NCLEX-RN · Adult Medical-Surgical (Med-Surg) · New York, USA
Adult Medical-Surgical (Med-Surg) for the NCLEX-RN Exam — New York candidates
18% of the NCLEX-RN test plan. Med-surg covers adult acute and chronic disease management — cardiac, respiratory, renal, GI, endocrine, neuro, and oncology. Calibrated for New Yorker candidates.

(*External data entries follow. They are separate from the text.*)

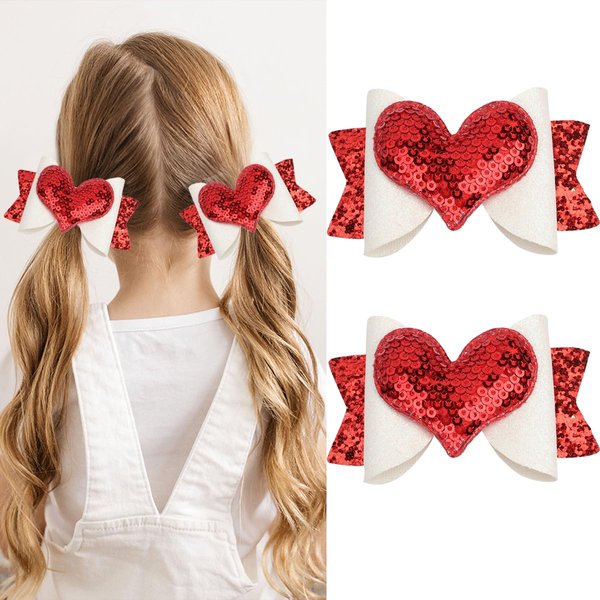 2PCS Valentine's Day Hair Clips Love Heart Sequins Bows Hair Pins Red Heart Sequins Hairgrips for Valentine's Day Birthday Holiday Hair Accessories For Girls Toddler Kids
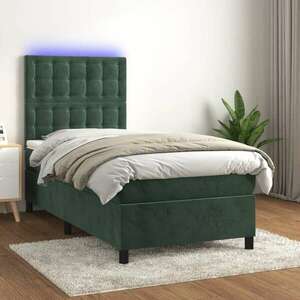 vidaXL sötétzöld bársony rugós és LED-es ágy matraccal 90x190 cm kép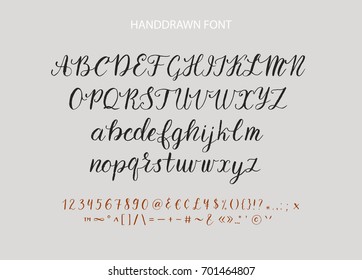 Handwritten Script font. Hand drawn brush style modern calligraphy cursive typeface. Hand Lettering and Custom Typography alphabet for Designs: Logo, Greeting Cards, Poster. Vector Brush type set.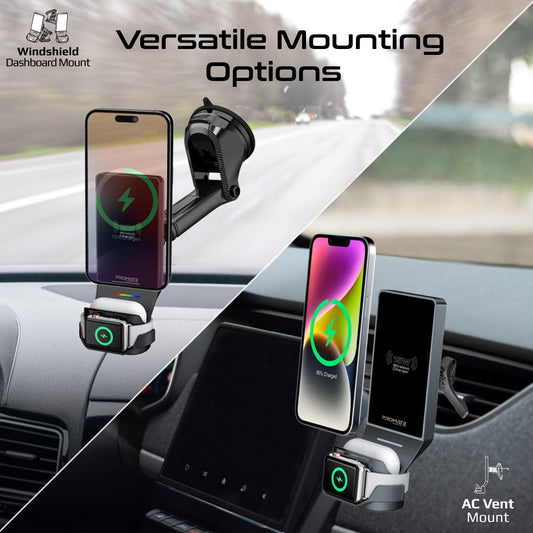 MagDrive-Trio 3-in-1 MagSafe Compatible Car Wireless Charging Station • 15W MagSafe Compatible Charger • 4.5W AirPods Charer • 3.5W Apple Watch Charger • Dashboard & AC Vent Mount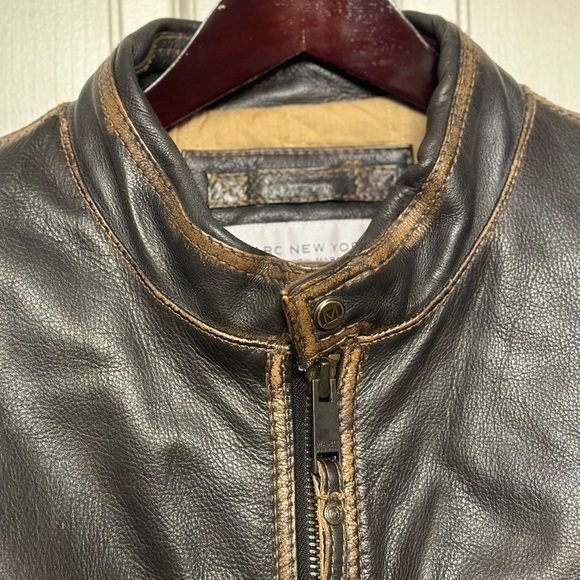 Marc New York Andrew Marc Distressed Heavy Moto Leather Jacket Mens Size XL - Picture 6 of 16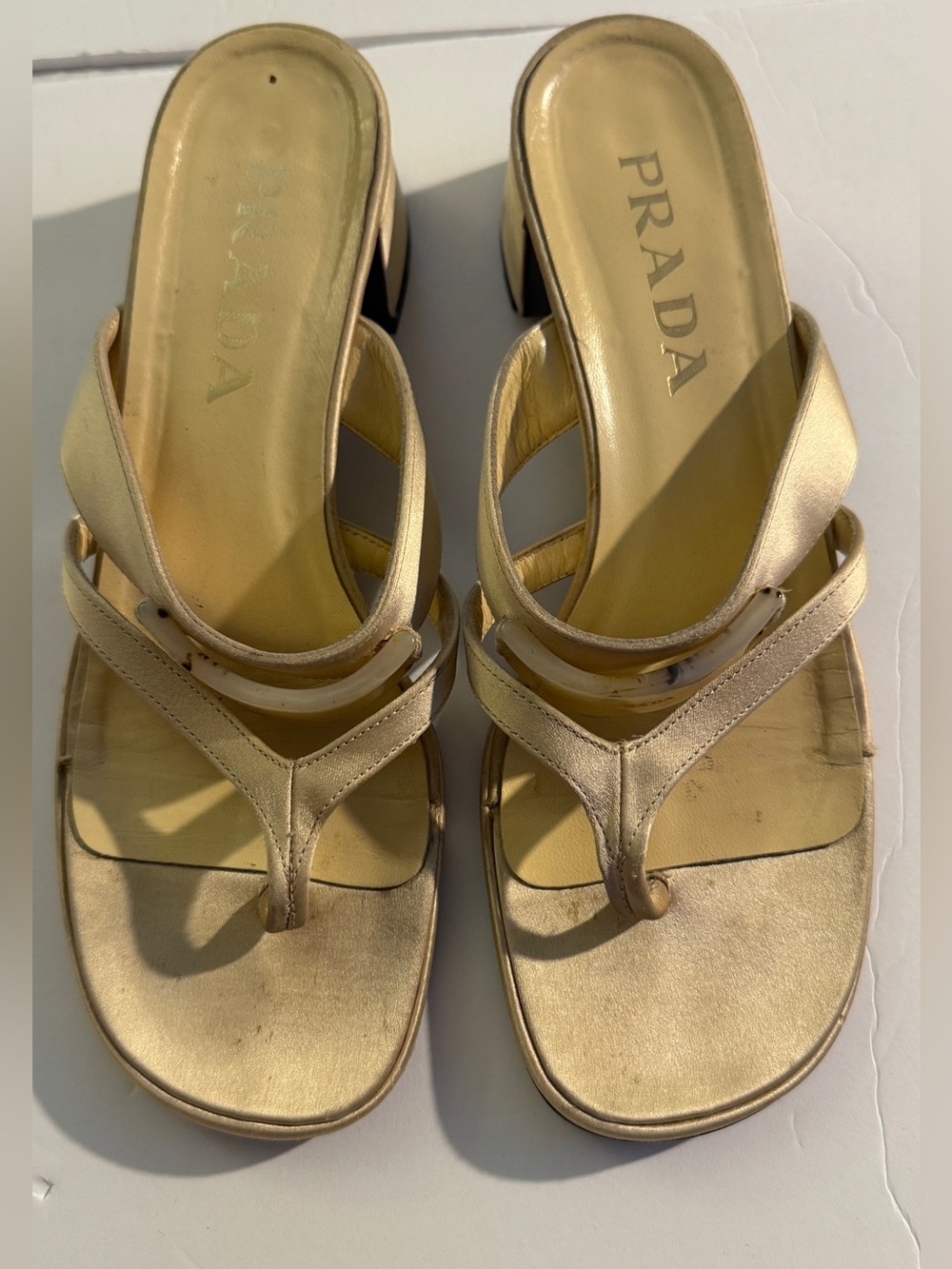 Prada Metallic Gold Leather Thong Mules size 38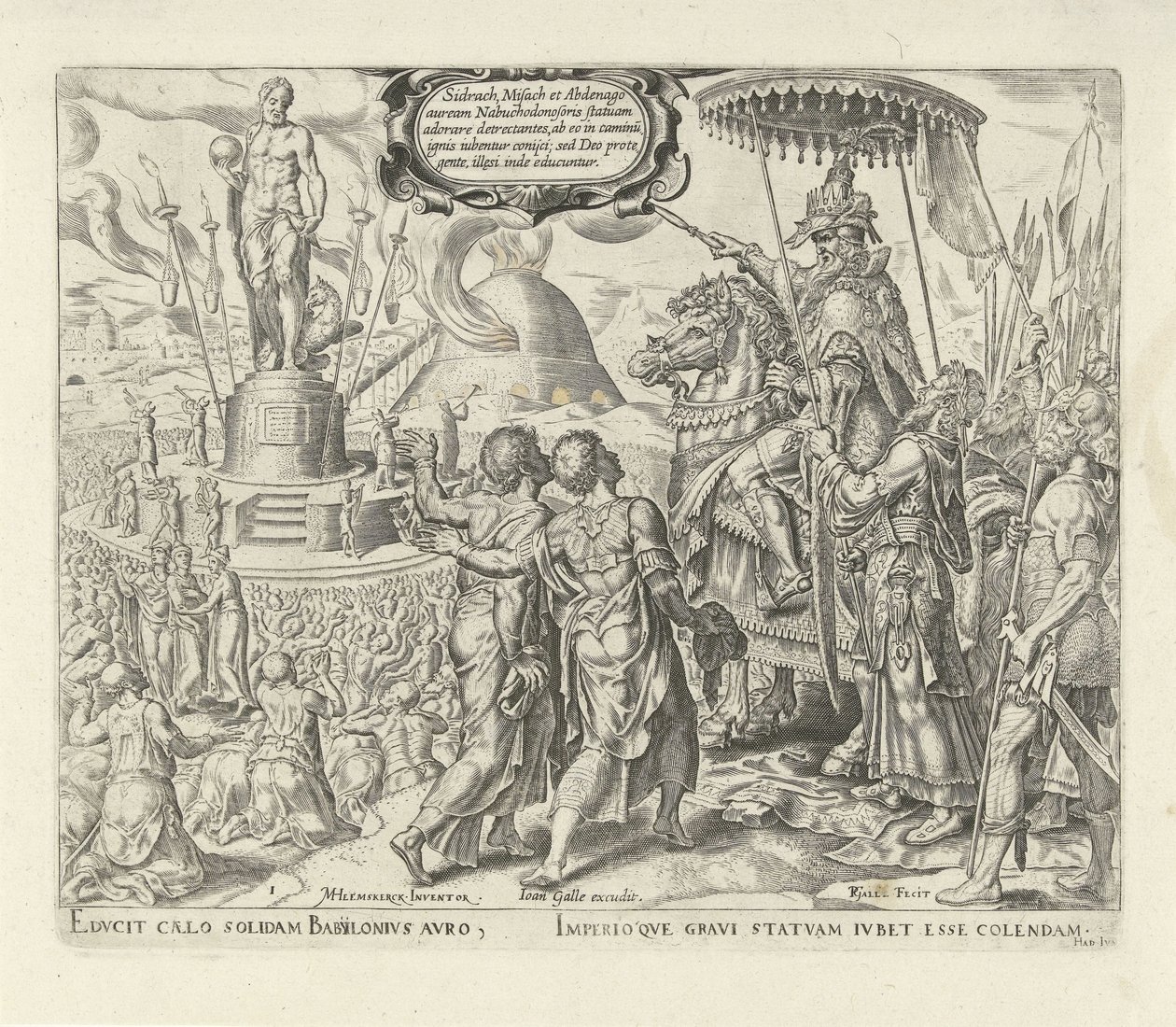 Nebukadnessar beschuldigt Sadrach, Mesach en Abednego (Geschiedenis van Sadrach, Mesach en Abednego) door Philips Galle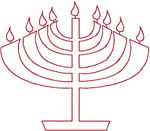 Redwork Hanukkah Menorah Embroidery Design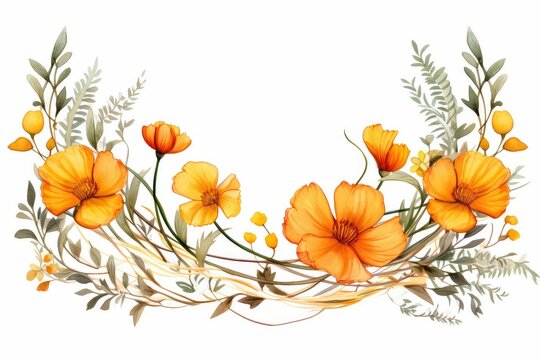 recommend clip art: watercolor of marigold clipart with orange and yellow blooms. flowers frame, botanical border, Watercolor floral wreath. Hand painted frame of greenery, wildflowers, herbs. Green leaves, field flowers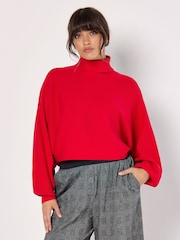 Apricot Red Roll Neck Batwing Jumper - Image 2 of 4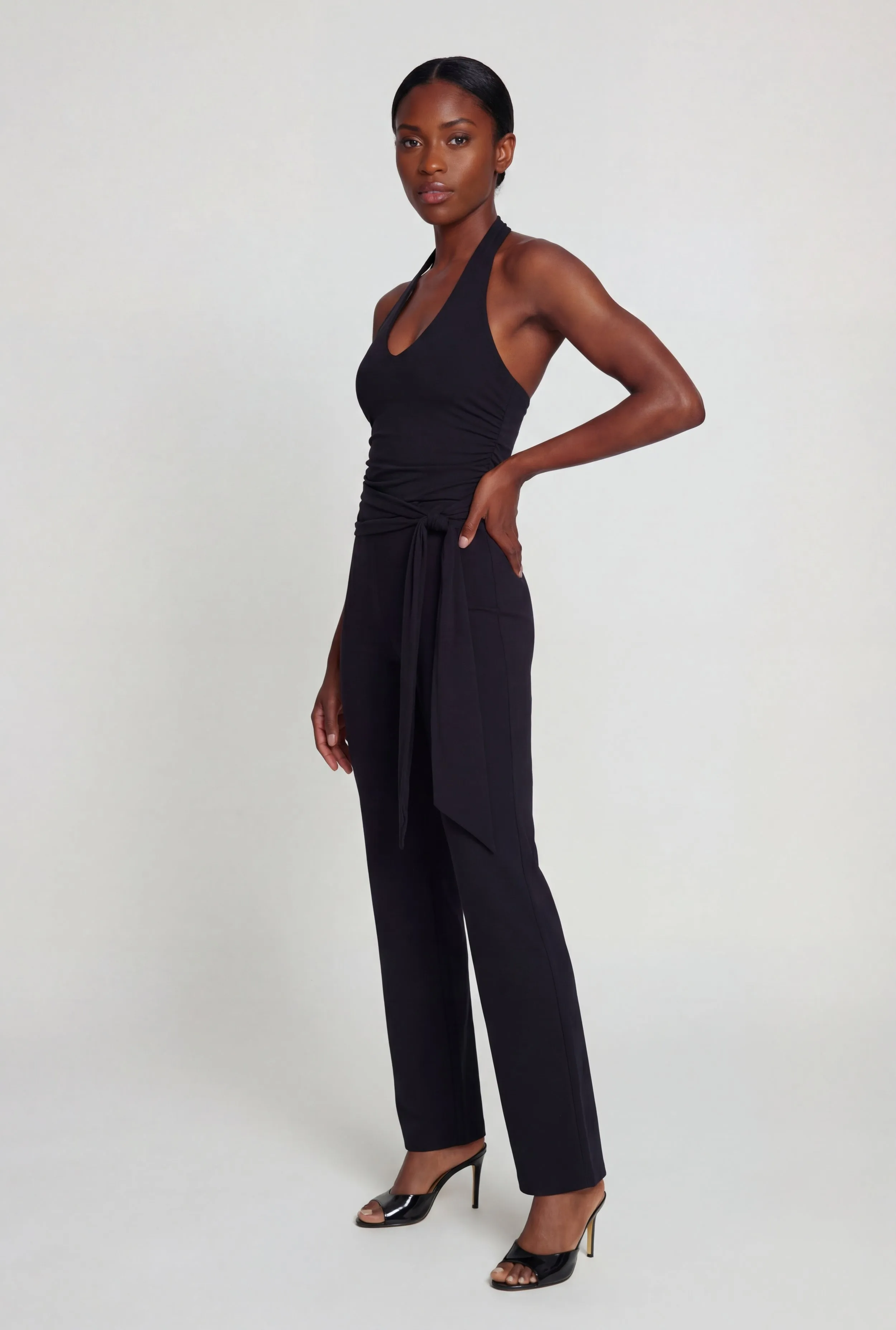Side Ruched Halter Tie Back Wide Leg Jumpsuit sold by Rainbow product image thumbnail 2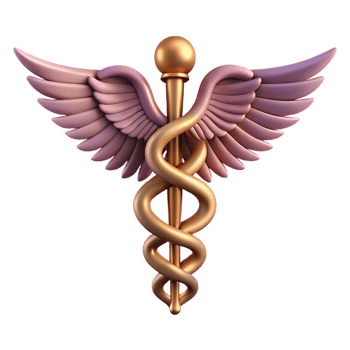 breathtaking distinguished Hermes' Caduceus, winged staff with intertwined serpents, NO BACKGROUND with Transparent Background. png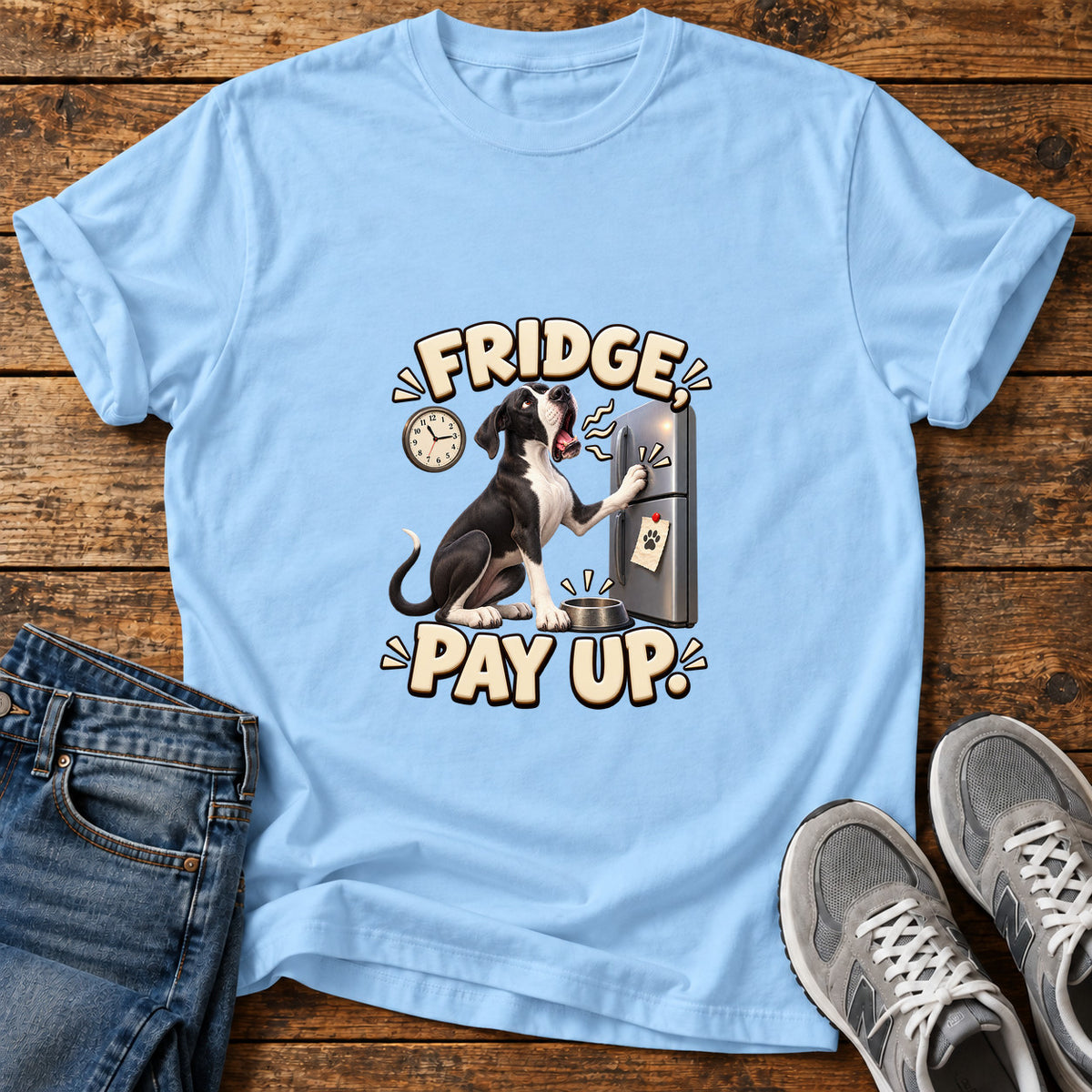 Fridge Pay Up Great Dane graphic T-shirt in Light Blue, shown on a flat-lay shirt mockup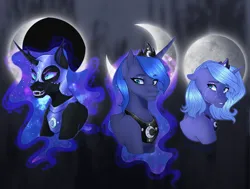 Size: 1979x1500 | Tagged: safe, artist:sapphireleaf48, derpibooru import, nightmare moon, princess luna, alicorn, pony, blue eyes, blue mane, bust, colored pupils, crescent moon, crown, crying, digital art, ethereal mane, eyeshadow, fangs, female, flowing mane, g4, gray background, helmet, high res, horn, image, jewelry, makeup, mare, moon, moonlight, open mouth, peytral, png, portrait, redraw, regalia, sad, signature, simple background, solo, starry mane, stars, teary eyes, teeth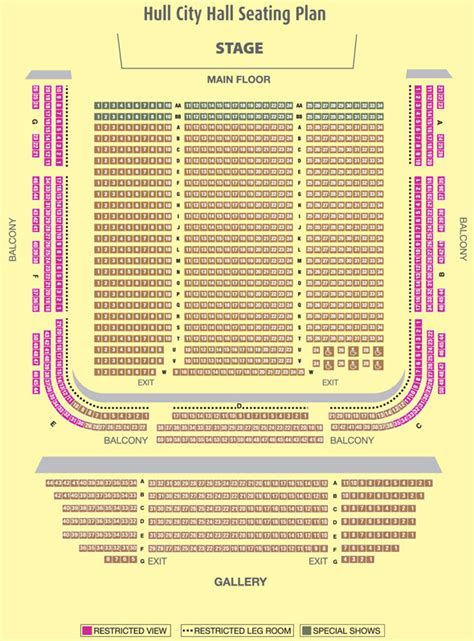 Hull City Hall | Seating Plan, view the seating chart for the Hull City Hall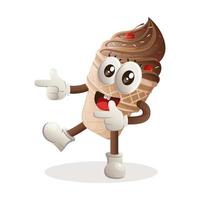 Cute ice cream mascot playful with pointed hand vector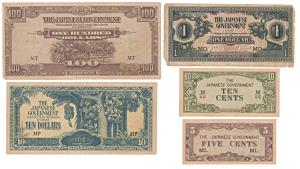 Japanese Government, complete set 5, 10 Cents, 1, 10 and 100 Dollars. Fine to Very Fine.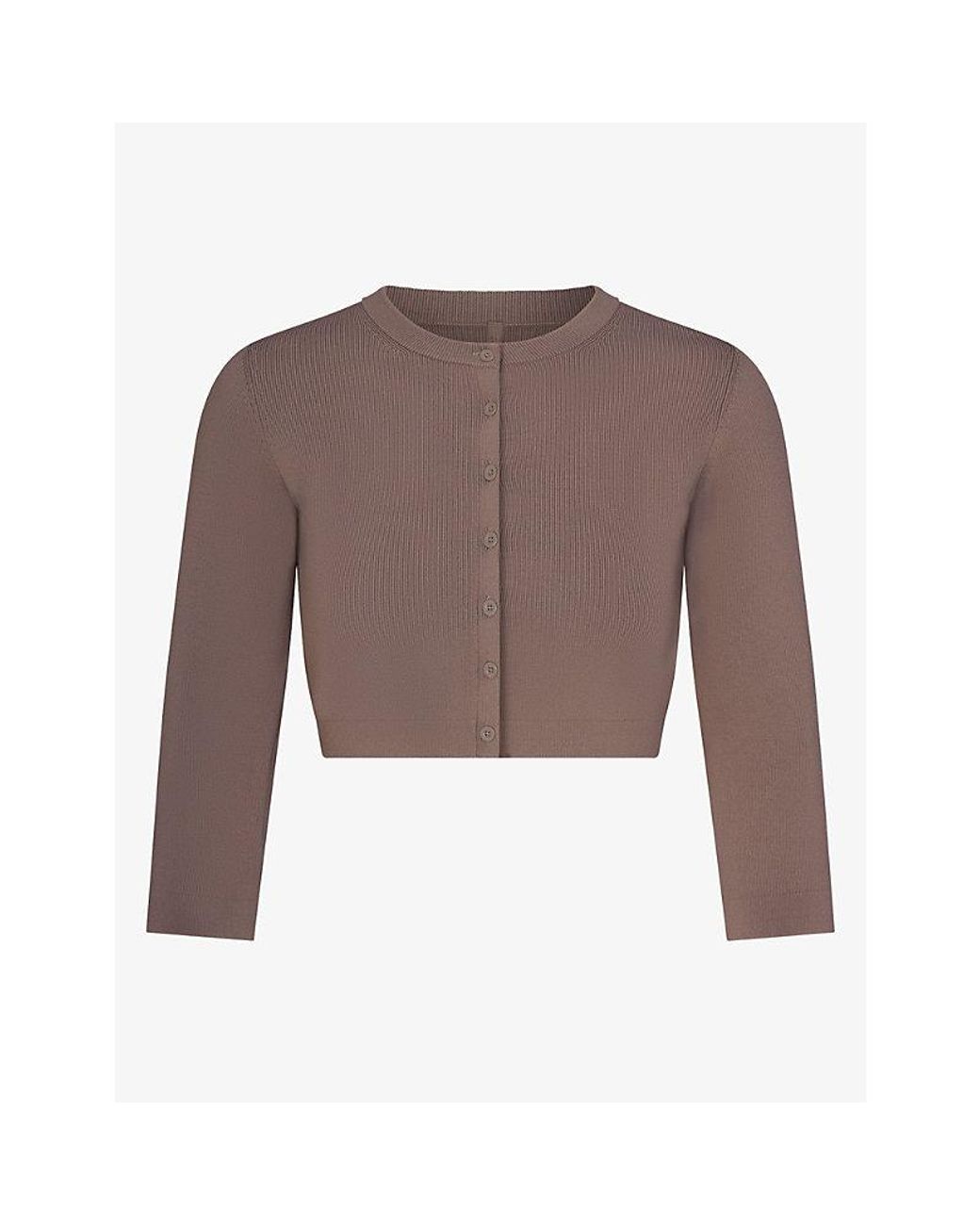 Skims Brown Refined Knit Cropped Cardigan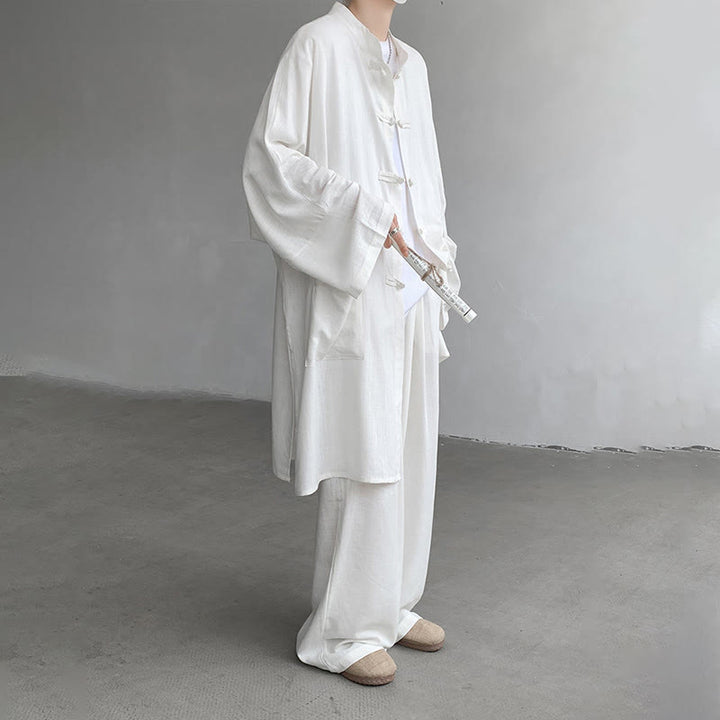 Buddha Stones 2Pcs Men's Long Sleeve Frog-Button Shirt Pants Meditation Zen Cotton Clothing Set - image 6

For candidates aiming to clear this exam on the first attempt, the difference between Band 6 and Band 7+ — or "passing" and "comfortable margin" — usually comes down to fluency on a small number of high-leverage topics. Adult Medical-Surgical (Med-Surg) sits at roughly 18% of the National Council Licensure Examination for Registered Nurses content distribution — Med-surg is the largest single content area on the NCLEX, appearing in over half of all questions. Mastery of priority assessment and intervention across body systems is the single biggest pass-rate predictor. Pass rates for the NCLEX-RN are published annually by the awarding body and vary by cohort and locale. For New York candidates preparing for NCLEX-RN, the calibration of study to local context matters: New York is a top-3 state for NCLEX-RN, MCAT, and GRE candidates. NY State Education Department (NYSED) handles RN licensure differently from compact states.
Common failure modes
These are the patterns that cause most candidates to lose marks on this topic. Recognising them in advance is half the work.
- !Selecting laboratory-order responses when a clinical assessment should come first
- !Missing the airway-priority rule in unstable patients (ABCs always first)
- !Confusing similar conditions: ARDS vs CHF, DKA vs HHS, MI vs PE
- !Wrong electrolyte priority in renal failure (K+ first, then Mg, then Phos)
Study tips
- 1Memorize ABC priority — airway issues always come before circulation in NCLEX scenarios.
- 2Drill electrolyte derangements: hyperkalemia ECG signs, hypocalcemia tetany, hyponatremia osmotic risk.
- 3Practice acid-base interpretation using the four-step Tic-Tac-Toe method.
- 4Know the priority assessment for each body system (e.g., neuro: Glasgow Coma Scale; cardiac: 12-lead).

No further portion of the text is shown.